Ainda não acabou?

Ainda não acabou?

Pergunta – Quando não observamos mais o início e o fim do ciclo, significa que não estamos mais gerando carma?
Monge Genshô – Não. Enquanto você estiver agindo no mundo vai gerar carma. Suas ações intencionais irão gerar carma.
Pergunta – Nesse caso ainda existe um “eu’.
Monge Genshô – Enquanto você vive no mundo precisa de um “eu”. Eu preciso do “eu” para conversar com vocês e operar no mundo. Porém ele tem a solidez de uma máscara, que usamos pra agir no mundo. O problema é a pessoa identificar-se com a máscara. Quando perguntado sobre quem nós somos, damos as respostas que correspondem com as nossas características e que correspondem na verdade com características da máscara. Nos confundimos com o rosto no espelho, com as roupas, hábitos e identidades sociais de médico, engenheiros etc. Conforme a pessoa vai pendurando coisas no cabide da máscara, vai acreditando ser realmente aquele ser. Mas não é, isso que ela pensa ser é tão sólido quanto uma máscara.
A pessoa que tem alzheimer, por exemplo, com o tempo se olha no espelho e não mais se identifica. Mas onde está o “eu” então? O “eu” vai se dissolvendo quando as características e memórias que você identifica como sendo o “eu” começam a ficar enfraquecidas quando não lembradas. O monge deve ter sempre a morte frente à seus olhos e isso acontece também no catolicismo. Estive uma vez num mosteiro beneditino e na capela andávamos em um corredor sobre as lápides dos monges que já haviam morrido. Temos que nos olhar no espelho e apreciar o trabalho da morte em nossa face, o envelhecimento. Isso dá muito sentido à vida, embora algumas pessoas possam pensar que isso seja horrível.

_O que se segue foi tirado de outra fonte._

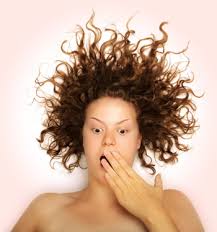 Yes no (1 / 0) from: Hai I Capelli Crespi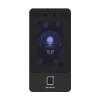 Terminal control acces TCP/IP cu Recunoastere faciala, Amprenta, Card Mifare, PIN, 2MP, WiFi, PoE - HIKVISION DS-K1T342MFWX-E1 SafetyGuard Surveillanc
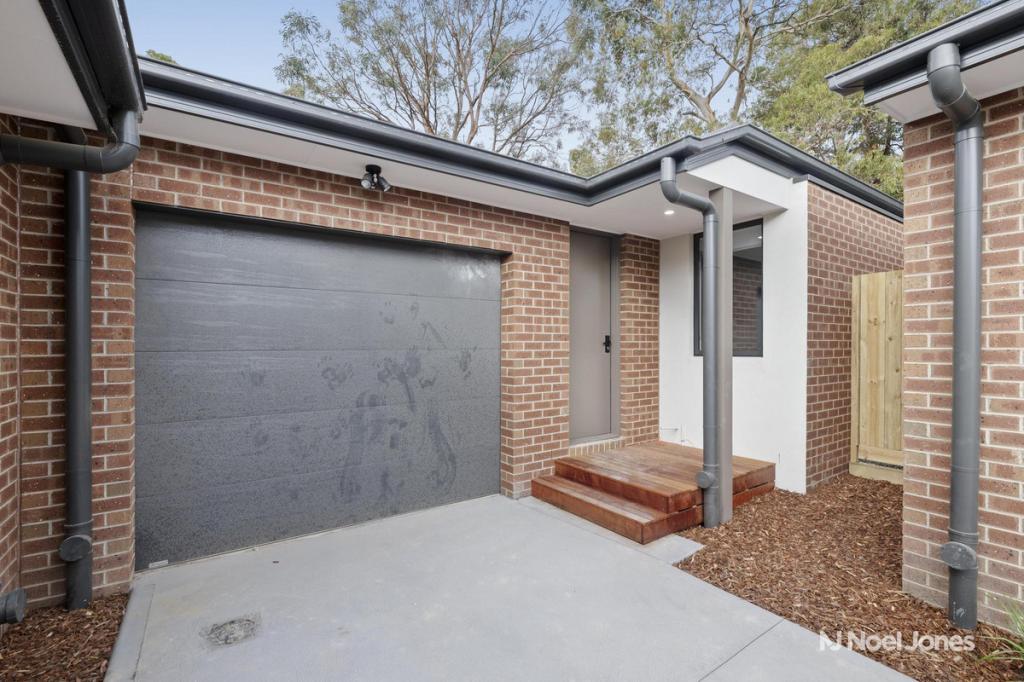 4/16 Cameron Rd, Croydon, VIC 3136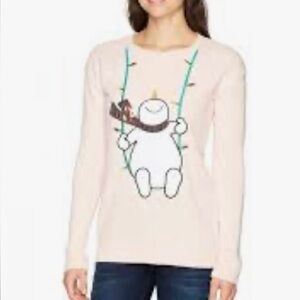 holiday / Christmas sweater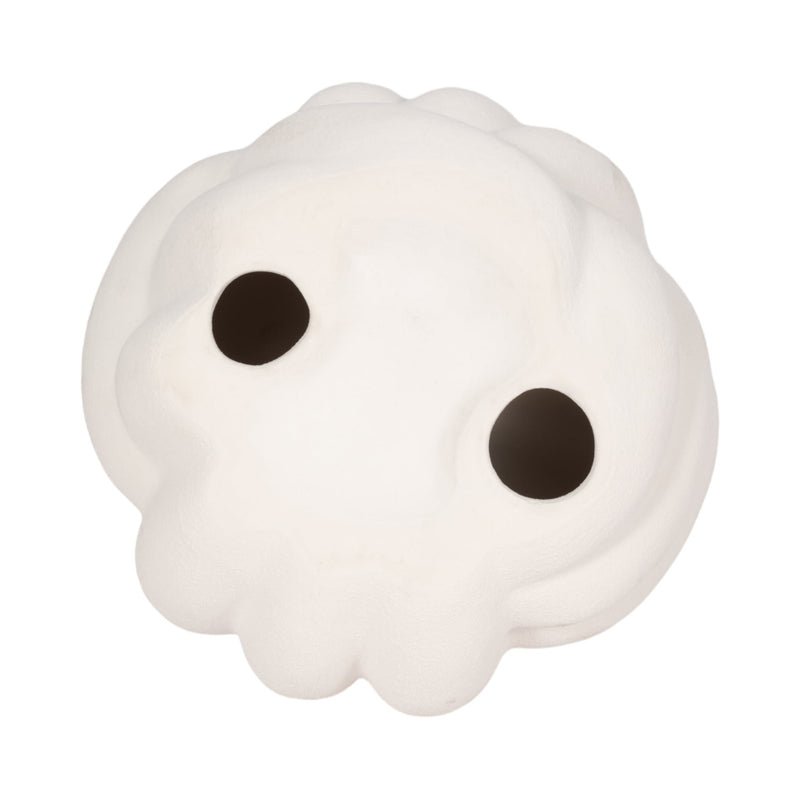7-knot-orb-rough-texture-white-6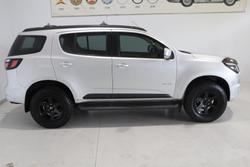 2012 Holden Colorado 7 LTZ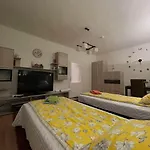 아파트 Vacigreen 1138 Vaci Street 134b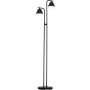 Eglo PALBIETA 99036 Lampadaire 2x3W/GU10 IP20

Se é assim, cada dia é precioso e como você irá viver esse dia de hoje? Se por acaso você descobrisse que teria apenas noventa dias de vida, como viveria o dia de hoje? Isso daria sentido à sua vida. O que é importante? Alguém chega até você querendo discutir sobre cinquenta centímetros de terreno que ele julga ser dele, o que você faz? Pode ficar, você pensa, estou morrendo em noventa dias. É comum em algumas iniciações a pessoa escrever seu testamento. Agora, neste momento, o que você vai deixar? Isso é muito importante, saber como viver tem a ver com olhar a finitude. Você poderá rir, pois as coisas que parecem importantes para os outros, para você não é mais. Tive um amigo que foi um dos meus primeiros professores budistas que teve um infarto e sabia que em breve morreria. O que ele fez? Começou a escrever poemas e dava para as pessoas que encontrava na rua. Ele estava se despedindo.
Certo dia estávamos conversando sobre logo depois do infarto e ele disse que quando acordou no hospital pensou: “Ué, ainda não acabou?!”, perguntei então sobre como ele se sentia e ele disse: “Sem nenhuma ilusão”. Isso é maravilhoso. Os mestres sempre dizem, “aproveitem suas vidas”.